Work to be completed: Only lines that contain the word "大きいサイズ" belong in the answer; copy them from the records below.

Records from a data source
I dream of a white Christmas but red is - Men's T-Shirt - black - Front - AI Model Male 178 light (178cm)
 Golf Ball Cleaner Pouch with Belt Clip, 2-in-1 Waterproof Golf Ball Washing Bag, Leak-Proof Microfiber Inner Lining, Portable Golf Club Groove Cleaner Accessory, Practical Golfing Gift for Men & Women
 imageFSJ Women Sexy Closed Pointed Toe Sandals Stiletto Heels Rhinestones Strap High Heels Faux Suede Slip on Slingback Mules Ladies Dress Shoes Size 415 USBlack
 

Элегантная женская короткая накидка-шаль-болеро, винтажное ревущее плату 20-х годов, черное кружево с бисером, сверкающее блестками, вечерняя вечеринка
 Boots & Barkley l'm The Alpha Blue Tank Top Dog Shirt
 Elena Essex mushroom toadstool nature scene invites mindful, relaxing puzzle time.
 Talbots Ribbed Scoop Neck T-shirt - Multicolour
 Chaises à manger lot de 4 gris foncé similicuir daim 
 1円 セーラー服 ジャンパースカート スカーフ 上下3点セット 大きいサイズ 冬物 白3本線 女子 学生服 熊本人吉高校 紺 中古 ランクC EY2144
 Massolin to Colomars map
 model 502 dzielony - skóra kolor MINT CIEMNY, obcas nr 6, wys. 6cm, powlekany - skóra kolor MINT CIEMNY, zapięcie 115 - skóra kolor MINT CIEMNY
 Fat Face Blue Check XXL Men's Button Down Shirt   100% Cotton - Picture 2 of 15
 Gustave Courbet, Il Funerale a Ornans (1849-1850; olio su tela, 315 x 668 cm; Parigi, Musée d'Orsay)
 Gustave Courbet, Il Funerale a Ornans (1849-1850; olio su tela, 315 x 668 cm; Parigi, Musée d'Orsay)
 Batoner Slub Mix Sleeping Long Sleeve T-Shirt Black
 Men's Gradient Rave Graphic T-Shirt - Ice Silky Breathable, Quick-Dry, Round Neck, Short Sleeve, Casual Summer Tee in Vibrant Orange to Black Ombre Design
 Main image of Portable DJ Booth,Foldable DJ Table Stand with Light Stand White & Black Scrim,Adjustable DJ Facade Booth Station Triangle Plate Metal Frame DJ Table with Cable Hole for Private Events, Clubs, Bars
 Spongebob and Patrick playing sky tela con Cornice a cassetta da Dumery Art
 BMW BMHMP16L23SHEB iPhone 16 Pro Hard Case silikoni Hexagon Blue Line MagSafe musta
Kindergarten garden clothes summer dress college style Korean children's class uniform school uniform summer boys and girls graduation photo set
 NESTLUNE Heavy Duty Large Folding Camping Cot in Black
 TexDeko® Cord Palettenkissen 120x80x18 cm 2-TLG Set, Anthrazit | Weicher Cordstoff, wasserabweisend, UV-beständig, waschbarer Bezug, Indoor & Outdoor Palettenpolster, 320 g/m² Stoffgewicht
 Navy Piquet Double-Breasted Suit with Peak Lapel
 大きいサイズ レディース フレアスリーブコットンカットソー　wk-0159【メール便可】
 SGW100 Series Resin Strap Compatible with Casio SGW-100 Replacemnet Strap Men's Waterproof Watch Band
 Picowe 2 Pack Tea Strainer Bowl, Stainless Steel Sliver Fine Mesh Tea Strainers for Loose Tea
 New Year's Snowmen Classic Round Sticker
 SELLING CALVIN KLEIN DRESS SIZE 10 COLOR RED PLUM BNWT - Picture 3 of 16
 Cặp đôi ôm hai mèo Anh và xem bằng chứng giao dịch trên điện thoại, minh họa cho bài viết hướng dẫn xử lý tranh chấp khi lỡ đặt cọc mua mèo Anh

Exercise solution:
 1円 セーラー服 ジャンパースカート スカーフ 上下3点セット 大きいサイズ 冬物 白3本線 女子 学生服 熊本人吉高校 紺 中古 ランクC EY2144
 大きいサイズ レディース フレアスリーブコットンカットソー　wk-0159【メール便可】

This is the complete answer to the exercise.